Some surmise that Buchanan's role on Ashcroft's advisory committee was the only reason she opposed the resolution at all. "I think she didn't want something like this to pass in her own backyard when she has that position," speculates Barb Feige, the chapter director of the ACLU and one of the resolution's advocates.
But Bucahan's stint on the committee is over, and since U.S. attorneys are given only four-year appointments, her tenure at Justice may not last forever either. Buchanan says she would likely be reappointed if President Bush is re-elected, but with polls showing a close presidential race this fall, that's not a sure bet.
For now, Buchanan is working on another high-profile issue: global trafficking in children. "People in the United States would be amazed to know that modern-day slavery exists," she says, "that [other countries] allow children to be enslaved and sexually abused." Closer to home, she's unveiling plans to seize Pittsburgh-area homes that have been havens for drug crime and prostitution.
Should Buchanan leave her post, she'd likely return to some of the volunteer work she once did. Ethics rules required severing those ties once she took the U.S. attorney job, but non-profit leaders, like Jim Snyder of the Parental Stress Center, would love to have her back. The center connects at-risk families with social services, and Snyder says Buchanan was a strong board member. A former single mom herself, "She did a lot on her own when she might have fallen by the wayside," Snyder says. She's also a skilled fund-raiser, having helped resuscitate the finances of the state's American Heart Association chapter. But Snyder says, "The closest thing to her heart is the prevention work we do," which "addresses issues of violence and the community" before they end up in a courtroom. "She's very good at being an out-front person and she brings along everyone else with her. It made sense to us that she rose so quickly to U.S. attorney."
There's speculation that Buchanan may rise even higher, possibly by heading to Washington or running for office herself some day. The abilities Snyder admires in her -- like fund-raising and consensus building --are hallmarks of a savvy politician. So is the fact that Buchanan has judiciously contributed to local Republican officials, including $1,000 to U.S. Sen. Rick Santorum and nearly $1,500 to U.S. Rep. Melissa Hart (a former classmate at Pitt) since 1999. A Buchanan campaign could boast high-profile prosecutions and non-profit admirers, and political-gossip Web sites have even mentioned her as a potential Republican gubernatorial candidate.
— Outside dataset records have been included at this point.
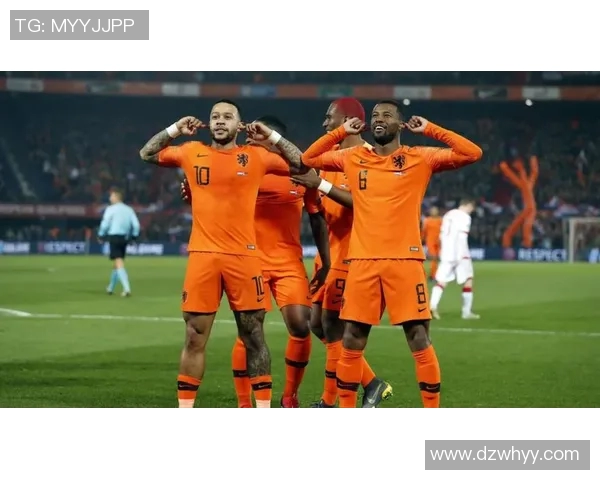 近十年荷兰足球队核心球员回顾与未来发展分析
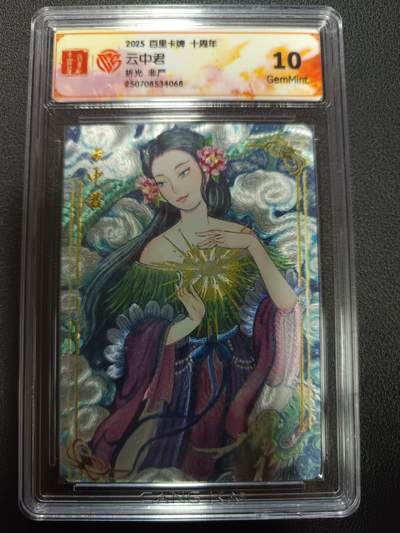 天玑星卡拍第161期《1.15周四截拍》持续收拍收评中 满赠卡需备注 - 百里卡牌 十周年 云中君 折光 非严 CCG10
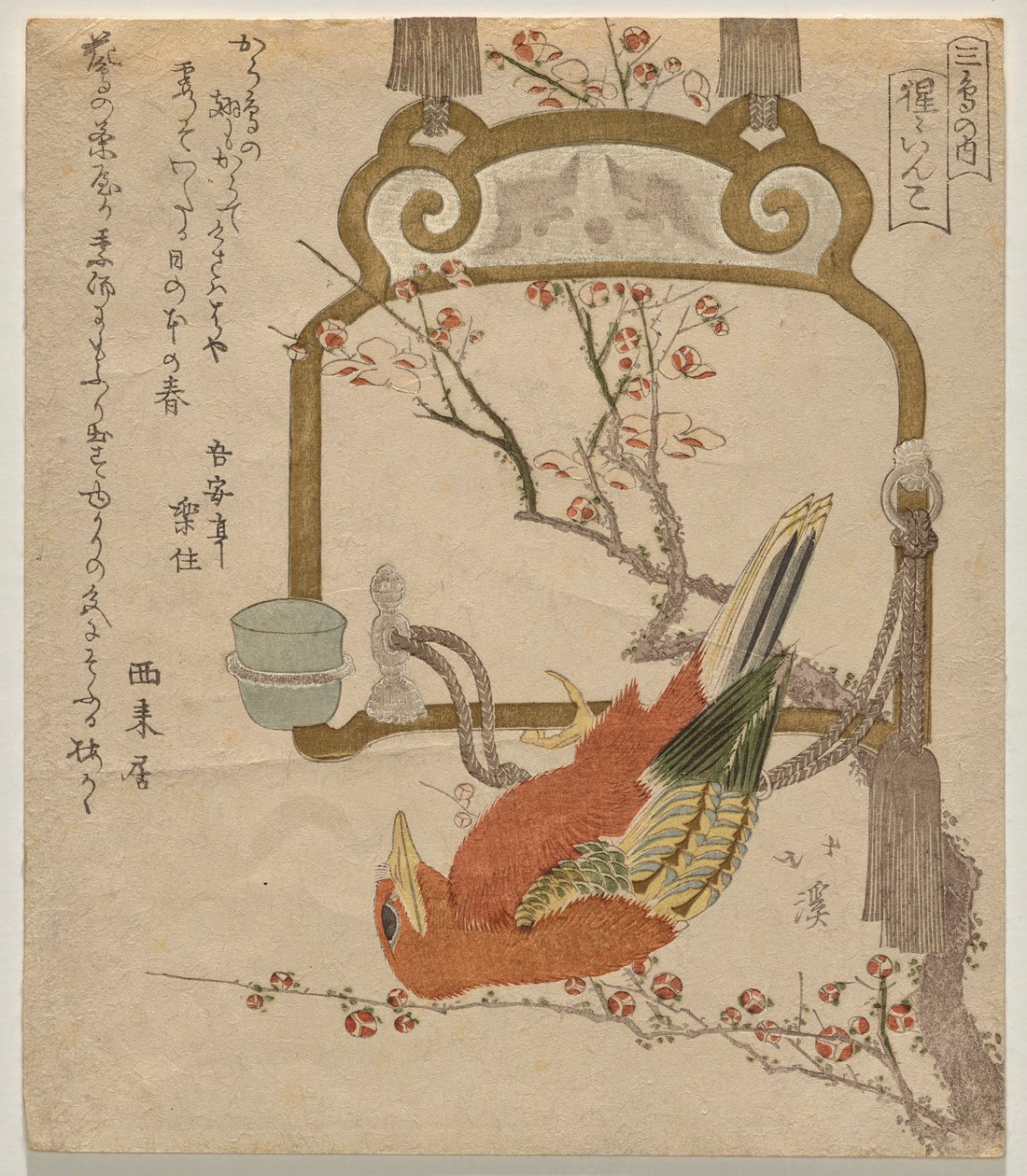 Red Parakeet by Totoya Hokkei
"There are a lot of things you read on the Internet," Buchanan says. "At the present time, I don't have any plans to run for governor."
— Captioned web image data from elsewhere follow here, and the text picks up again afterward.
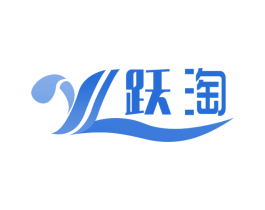 跃淘 第12类运输工具商标图样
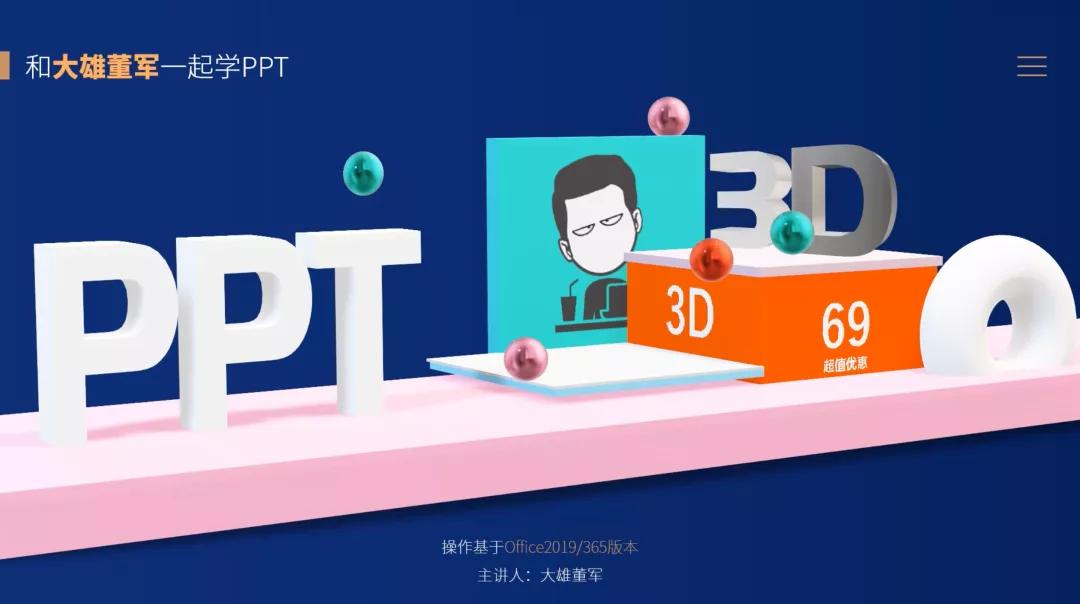 ppt动态环状图制作,ppt多图动态效果制作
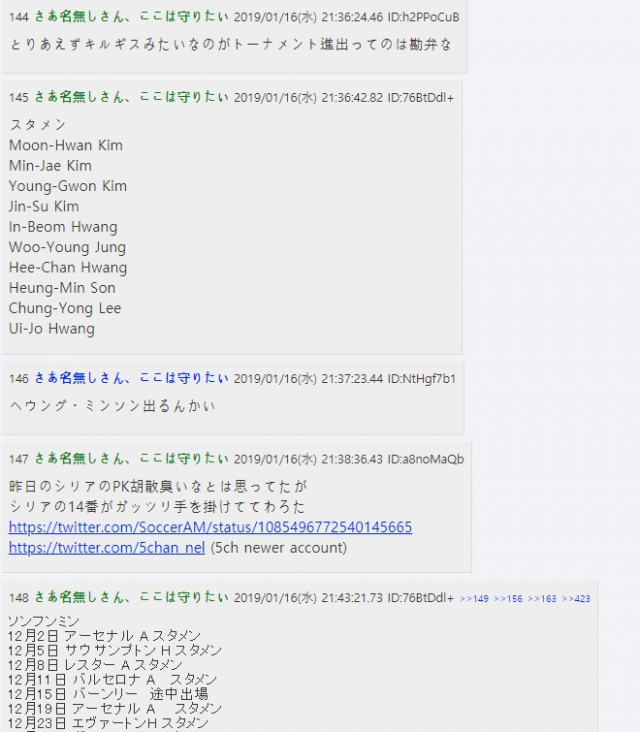 가생이닷컴 제공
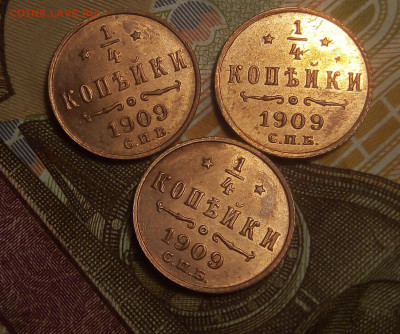4 КОПЕЙКИ 1909г красивая (3 шт) на сутки до 28.10.19 - IMG_20191027_194539
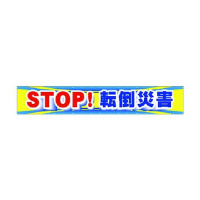 ^@rsnoI]|ЊQ@bo|P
But such prospects prompt some to wonder: Are Buchanan's prosecutions attempts to curry favor, either with voters or her boss? Buchanan maintains the issues she and Ashcroft share "are issues I have been addressing long before I met [him]." As he basks in the City Council victory, Walczak surmises Buchanan is "just a good foot soldier in [Ashcroft's] moral revolution.
"I like Mary Beth personally," he adds a moment later. "She's a good lawyer and I have no doubt she believes she's doing the right thing. But from my perspective, it's a little scary."